** DATASET RECORDS **
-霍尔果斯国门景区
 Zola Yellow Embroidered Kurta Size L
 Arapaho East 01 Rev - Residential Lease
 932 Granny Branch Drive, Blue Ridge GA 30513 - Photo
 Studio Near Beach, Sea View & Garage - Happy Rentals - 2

** WHAT IS EXPECTED **
What you hand back must match the records above exactly.

** THE ANSWER **
-霍尔果斯国门景区
 Zola Yellow Embroidered Kurta Size L
 Arapaho East 01 Rev - Residential Lease
 932 Granny Branch Drive, Blue Ridge GA 30513 - Photo
 Studio Near Beach, Sea View & Garage - Happy Rentals - 2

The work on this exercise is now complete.